Justiça de SP nega pedido para arquivar ação contra Alckmin por suposto 'caixa dois' da Odebrecht

Decisão afirma que existem outras provas além das planilhas que justificam prosseguimento; defesa do ex-governador discorda e diz confiar que ação será extinta ‘em breve’

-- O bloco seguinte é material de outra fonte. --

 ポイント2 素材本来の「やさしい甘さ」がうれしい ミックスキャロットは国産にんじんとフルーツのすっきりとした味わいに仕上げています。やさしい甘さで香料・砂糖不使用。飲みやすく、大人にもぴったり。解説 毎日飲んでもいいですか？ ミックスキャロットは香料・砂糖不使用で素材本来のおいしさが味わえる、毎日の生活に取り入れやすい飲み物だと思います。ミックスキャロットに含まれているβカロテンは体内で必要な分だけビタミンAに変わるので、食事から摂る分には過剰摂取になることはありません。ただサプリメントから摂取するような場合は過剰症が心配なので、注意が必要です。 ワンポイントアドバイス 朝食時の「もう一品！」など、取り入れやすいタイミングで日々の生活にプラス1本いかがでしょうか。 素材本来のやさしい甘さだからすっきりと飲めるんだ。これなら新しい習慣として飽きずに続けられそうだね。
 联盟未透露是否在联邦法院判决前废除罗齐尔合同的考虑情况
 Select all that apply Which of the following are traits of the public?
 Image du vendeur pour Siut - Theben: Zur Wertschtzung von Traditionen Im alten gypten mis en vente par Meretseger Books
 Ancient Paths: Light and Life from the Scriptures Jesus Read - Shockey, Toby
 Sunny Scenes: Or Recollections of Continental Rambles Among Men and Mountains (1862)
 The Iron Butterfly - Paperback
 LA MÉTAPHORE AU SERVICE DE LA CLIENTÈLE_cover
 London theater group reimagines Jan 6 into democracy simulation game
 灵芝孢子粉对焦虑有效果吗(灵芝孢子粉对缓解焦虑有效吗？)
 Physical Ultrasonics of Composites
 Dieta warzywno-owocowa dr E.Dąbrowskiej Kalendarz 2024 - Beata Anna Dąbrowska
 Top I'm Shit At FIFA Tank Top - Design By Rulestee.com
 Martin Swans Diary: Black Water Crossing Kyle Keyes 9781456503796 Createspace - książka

Agência O Globo - 06/08/2024
Justiça de SP nega pedido para arquivar ação contra Alckmin por suposto 'caixa dois' da Odebrecht
TJSP - Foto: Arquivo/TJSP

A 13ª Vara da Fazenda Pública do Estado de São Paulo negou, em decisão publicada no dia 25 de julho, pedido de arquivamento de um processo de improbidade administrativa e enriquecimento ilícito movido pelo Ministério Público contra o vice-presidente Geraldo Alckmin ( PSB). O ex-tesoureiro da campanha a governador em 2014, Marcos Monteiro, que também é réu no processo, havia solicitado a anulação das provas obtidas por meio de acordo de delação premiada com antigos executivos da construtora Odebrecht e, por consequência, o trancamento da ação.

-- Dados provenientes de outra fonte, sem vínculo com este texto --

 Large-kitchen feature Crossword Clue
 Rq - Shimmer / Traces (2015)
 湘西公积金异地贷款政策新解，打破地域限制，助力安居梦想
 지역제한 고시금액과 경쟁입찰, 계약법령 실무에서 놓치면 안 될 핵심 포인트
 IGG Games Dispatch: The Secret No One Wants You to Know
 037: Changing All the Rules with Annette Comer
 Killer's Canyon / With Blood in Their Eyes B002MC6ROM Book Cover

O recurso movido por Monteiro decorre do entendimento recente do Supremo Tribunal Federal (STF) de que as provas colhidas em planilhas do Departamento de Operações Estruturadas da Odebrecht devem ser desconsideradas pela Justiça. Segundo a construtora, os sistemas Drousys e My Web Day B eram usados para organizar o pagamento de propina a agentes públicos. O Supremo, contudo, apontou manipulação inadequada das informações, com quebra da cadeia de custódia e contaminação das provas.

A Justiça de São Paulo alegou que o processo contra Alckmin deve prosseguir porque “subsistem outras provas independentes que amparam a continuidade”. Alckmin é acusado de oferecer vantagens à Odebrecht em seu segundo mandato em troca de doações ilegais de campanha de reeleição ao governo do Estado, em 2014.

A denúncia do Ministério Público narra que, no final de 2013, diretores da Odebrecht procuraram Monteiro, que era o responsável pelas finanças de campanha de Alckmin. Em troca de acobertar formação de cartel e superfaturamento de obras, que envolveriam, por exemplo, a construção da Linha 6 do Metrô de São Paulo, a construtora teria acertado a destinação de R$ 8,3 milhões por meio de esquema de “caixa dois”, ou seja, em recursos não declarados à Justiça Eleitoral.

Os pagamentos, segundo a denúncia, ocorreram em espécie, operados pelo doleiro Álvaro José Galliez Novis, o “Paulistinha”, e seu funcionário Rogério Martins. A entrega dos valores teria sido feita a pessoas indicadas por Monteiro, entre abril e outubro de 2014, por meio de malotes deixados em hotéis. Além de Alckmin e do ex-tesoureiro de campanha, os representantes da Odebrecht Luiz Antônio Bueno Júnior, Benedicto Barbosa da Silva Júnior, Hilberto Mascarenhas e Fernando Migliaccio da Silva também respondem ao processo.

A 13ª Vara da Fazenda Pública menciona como provas independentes presentes no inquérito duas transações da transportadora de valores Transmar nas dependências do hotel Mercure Privilege, em Moema, distrito localizado na Zona Sul da capital paulista. Os valores, de acordo com a análise do Ministério Público, não constam na prestação de contas de Alckmin naquela campanha eleitoral.

— O inquérito civil que instrui a presente ação civil pública evidencia, portanto, o modus operandi dos atos de improbidade administrativa imputados aos requeridos, de modo que o réu Marcos Antonio Monteiro, no exercício de função pública e em benefício de Geraldo José Rodrigues Alckmin Filho, auferiu vantagem indevida, recebendo dinheiro da Construtora Norberto Odebrecht S/A — aponta trecho da decisão. O processo corre em segredo de Justiça, mas o GLOBO teve acesso aos autos.

O advogado Fábio de Oliveira Machado, que representa Alckmin, declarou por meio de nota que “os fundamentos da ação civil pública já foram objeto de várias decisões judiciais, incluindo do Supremo Tribunal Federal, e nunca prosperaram” e defende que “os supostos elementos probatórios contidos nesta ação judicial foram obtidos de forma ilícita e já declarados imprestáveis”. A defesa discorda da decisão do juízo de primeiro grau e confia que, “em breve, esse processo judicial será extinto”.

O GLOBO também procurou a defesa de Monteiro, conduzida pelo advogado Guilherme Corona, mas ainda não houve retorno.

Em 2023, Alckmin e Monteiro conseguiram o arquivamento definitivo de uma ação correlata de suposto “caixa dois” que estava tramitando na Justiça Eleitoral. A denúncia envolvia o recebimento de doações ilegais na ordem de R$ 11,3 milhões da Odebrecht nas eleições de 2010 e 2014. O ministro aposentado Ricardo Lewandowski baseou a decisão justamente na anulação das provas obtidas em acordo de leniência com a empresa, julgadas “imprestáveis” pela Segunda Turma do STF.